Here’s a concise summary of my view
Scientific methods are fully capable of answering scientific questions. But not all questions are scientific.
Methodological naturalism can adequately provide deterministic answers to certain scientific questions. For example, when will sunrise occur on October 17, 2019 in Marty’s back yard? Newtonian mechanics are completely sufficient to answer this question. I don’t need to make references to God’s providence or miracles.
Methodological naturalism can adequately provide probabilistic answers to other scientific questions. For example, what will be the low and high temperatures in Marty’s neighborhood on October 17, 2019? I could use statistical methods to calculate the normal distribution of high/low temperatures over the past 100 years at that location, then provide a confidence level for temperature ranges (i.e., a 64% chance the high temperature will be between 61o F. and 69o F.; a 95% chance the high temperature will be between 57o F. and 73o F.; etc.) Again, this probabilistic analysis requires no reference to providence or miracles.

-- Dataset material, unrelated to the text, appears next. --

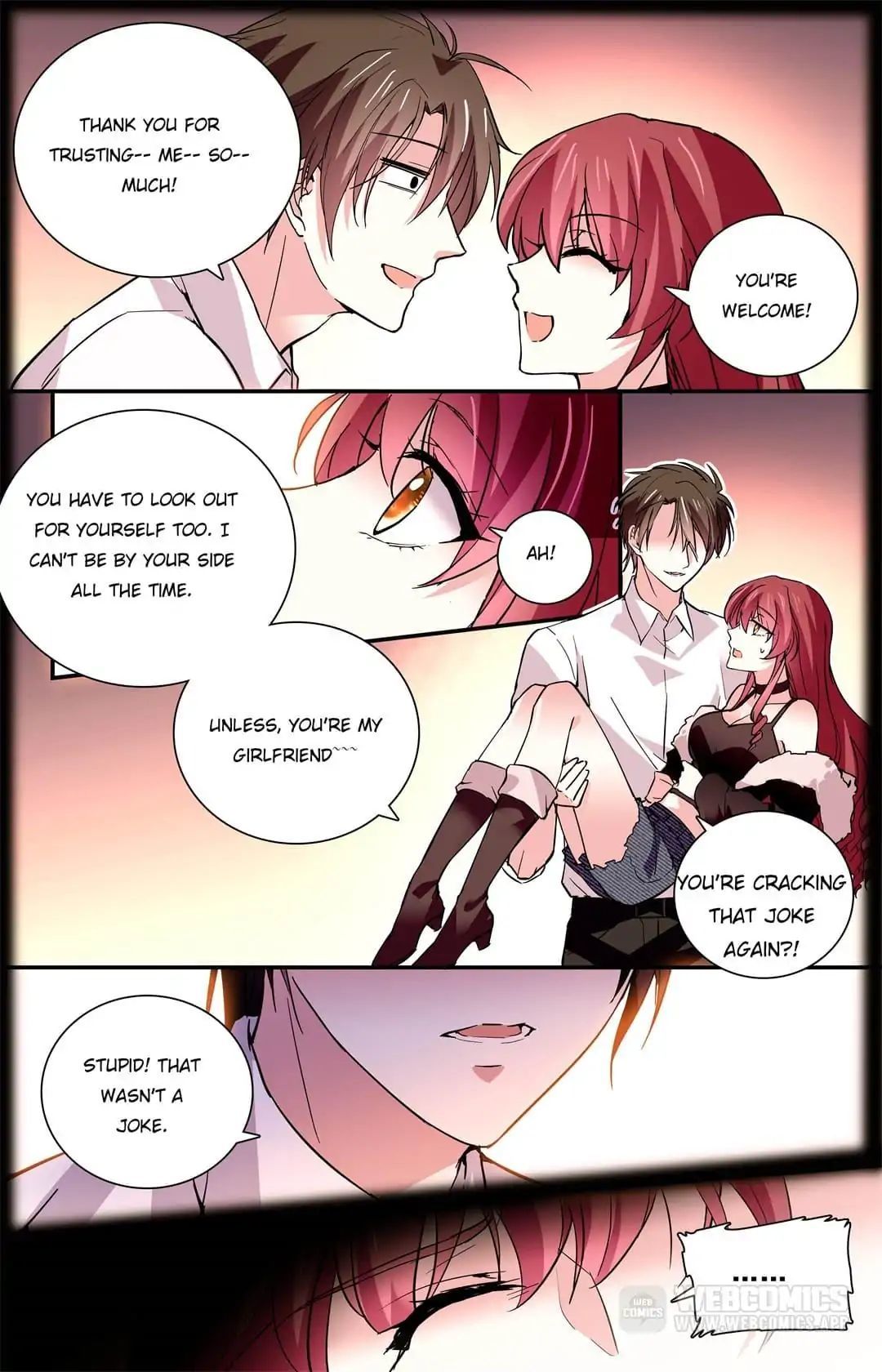 Across The Dangerous Ocean Chapter 41 - page 5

We can even extend predictions backward in time. When was the supernova that created the Crab Nebula? In 1928, Hubble looked at the data about its rate of expansion and determined that the supernova had flared in the mid-11th century. And it just so happens that Arab and Chinese astronomers left records of a supernova at that location in 1054. Given these observations, astronomers are 100% certain that the supernova observed in 1054 and the Crab Nebula today are the same object observed at different times, in spite of the changes that have occurred in its structure, size, and apparent magnitude. And once again, astronomers do not need to refer to divine intervention as an explanatory mechanism.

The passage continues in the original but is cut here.